An exact copy is needed of the lines in the entries below from the line with "An empty childcare" up to and including the line with "a bedroom with", and of nothing else. Leave the pictures out.

## [Data shown]
================
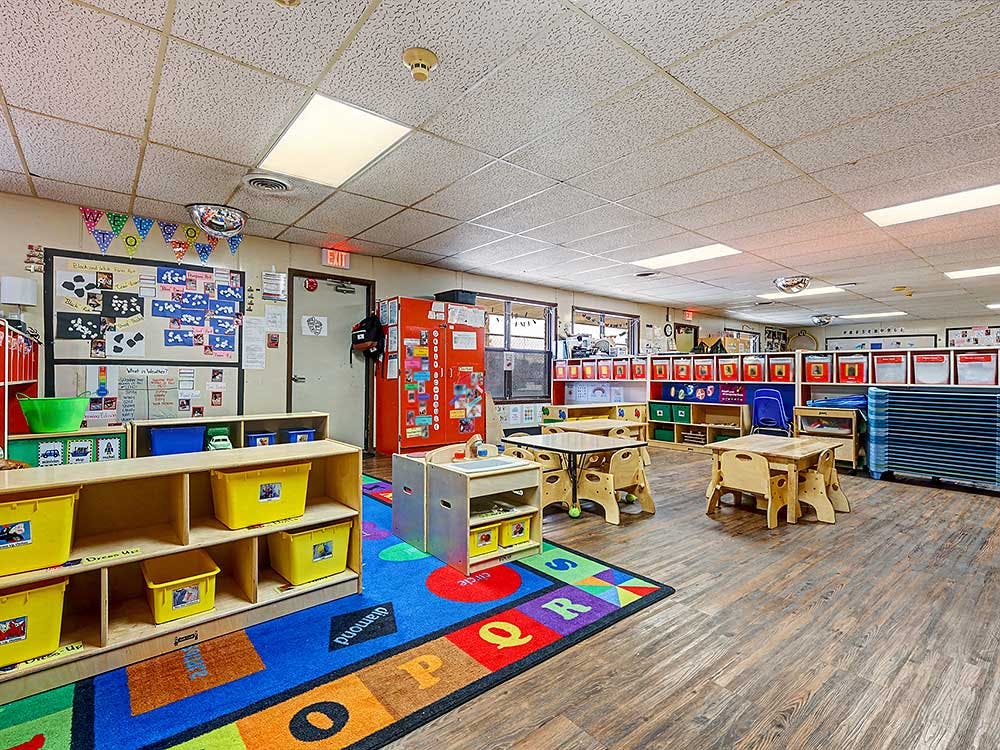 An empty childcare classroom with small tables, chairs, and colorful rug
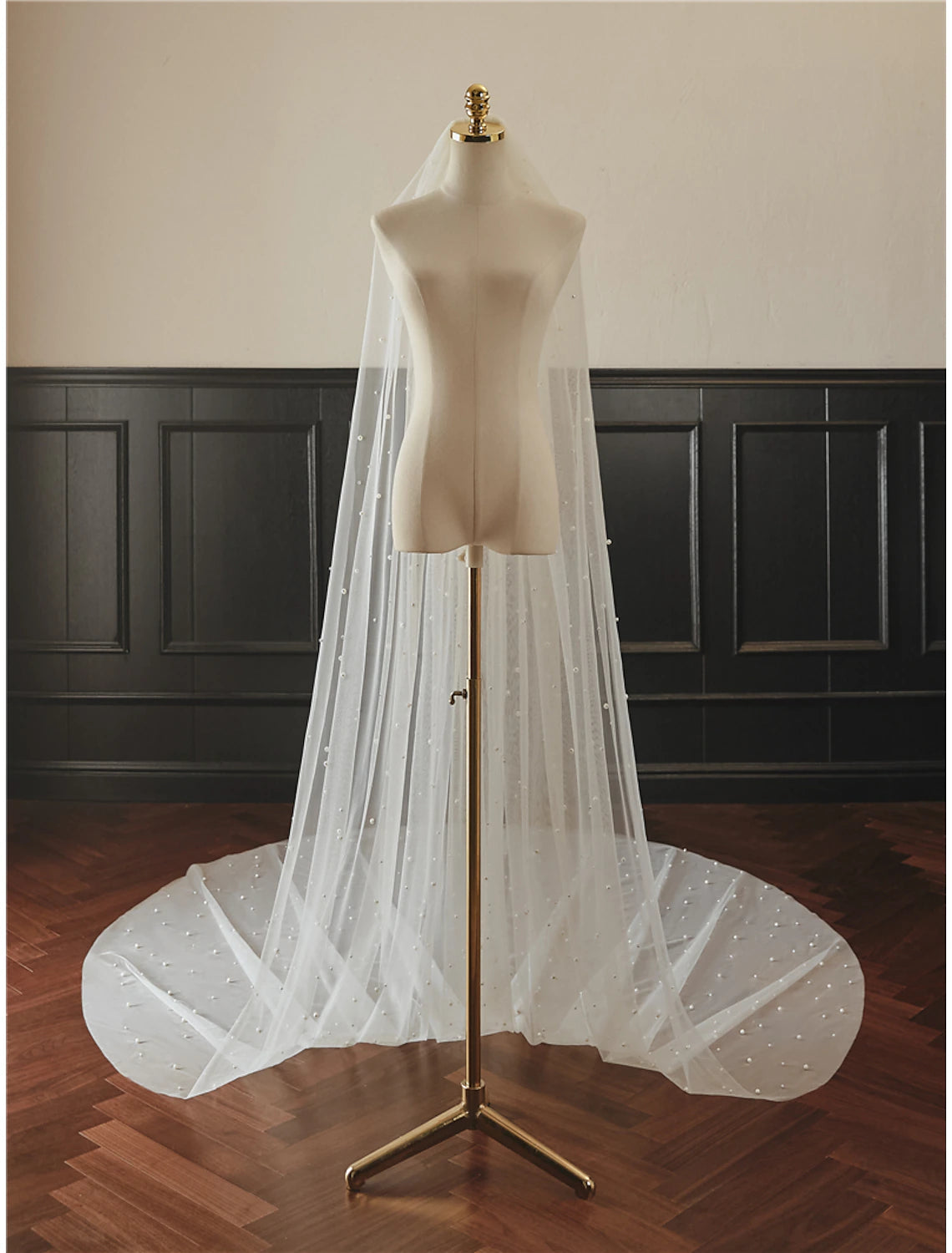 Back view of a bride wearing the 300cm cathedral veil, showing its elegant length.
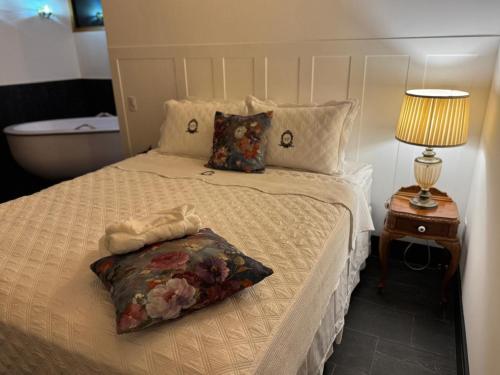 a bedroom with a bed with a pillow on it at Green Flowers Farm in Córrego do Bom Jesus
================
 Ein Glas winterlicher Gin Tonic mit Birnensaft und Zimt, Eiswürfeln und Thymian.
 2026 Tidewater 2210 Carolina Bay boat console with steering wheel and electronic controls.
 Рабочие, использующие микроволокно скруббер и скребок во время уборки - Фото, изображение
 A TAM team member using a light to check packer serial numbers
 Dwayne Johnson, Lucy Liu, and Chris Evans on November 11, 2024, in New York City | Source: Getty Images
================
## [Completed task]
 An empty childcare classroom with small tables, chairs, and colorful rug
 Back view of a bride wearing the 300cm cathedral veil, showing its elegant length.
 a bedroom with a bed with a pillow on it at Green Flowers Farm in Córrego do Bom Jesus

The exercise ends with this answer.